Can't dig deeper ATM, but if anybody wants to debug here's a binary you can grab on dev-jetson01:
#3 Updated by Szilárd Páll 2 months ago
A few more tests:
$ gmx mdrun -ntmpi 2 -ntomp 1 -nb cpu -notunepme -s topol -pin off $ gmx mdrun -ntmpi 2 -ntomp 1 -nb cpu -notunepme -s topol -pin on
both work to some extent -- crashes due to unrelated issue).
The latter actually fails to set affinities, but this may be a peculiarity on the ARM board.
This seems to support my above hypothesis about the thread affinity check not evaluating to the same value on all ranks
#6 Updated by Szilárd Páll about 2 months ago
Mark Abraham wrote:
I didn't spot anything that suggested the code is a problem :-( I suggest we revert my change (on Monday!)

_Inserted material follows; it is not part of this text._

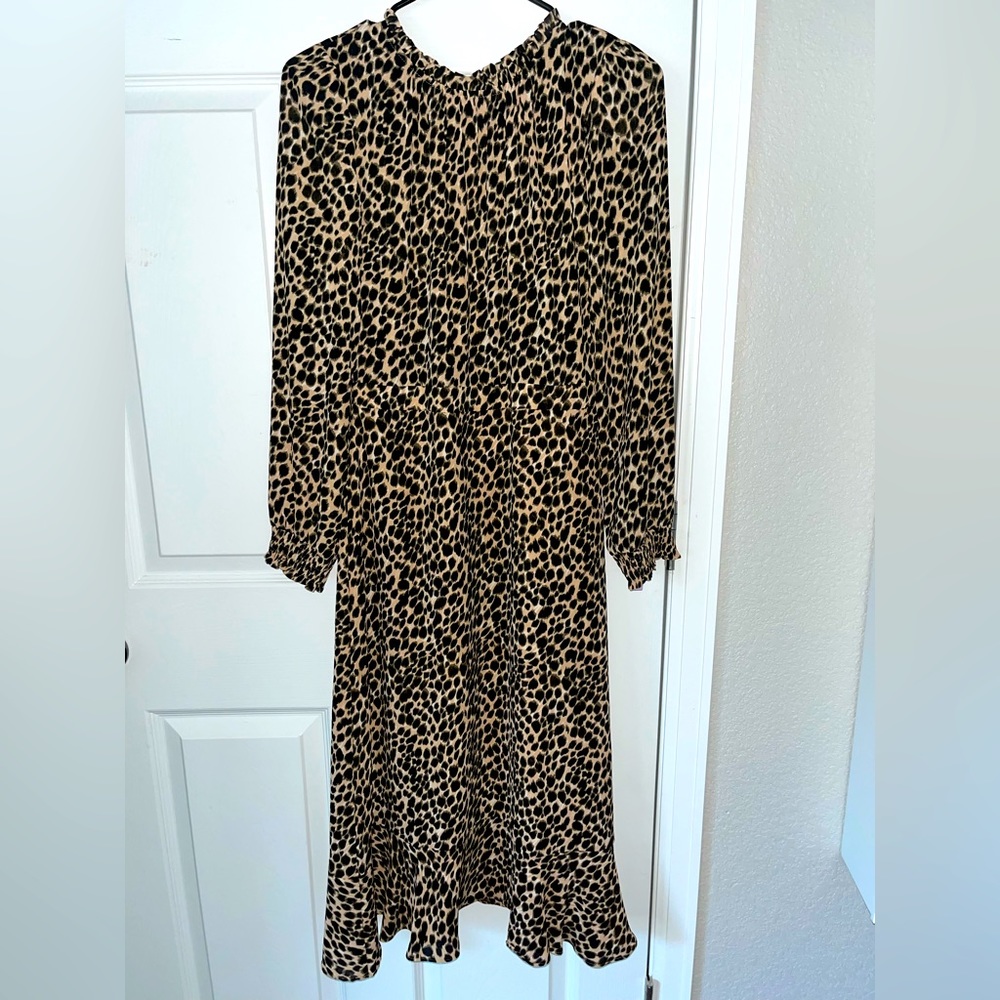 J.Crew Brown Print Long Sleeve Maxi Dress, size 6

The issue was indeed that conditional on line 1194 that I pointed at; after refactoring that conditional communication became a path that was triggered with tMPI and as on the Jetson TK1 the kernel seems to change the system-wide affinity mask based on load, different ranks detected different masks and therefore different values of hw_opt.thread_affinity.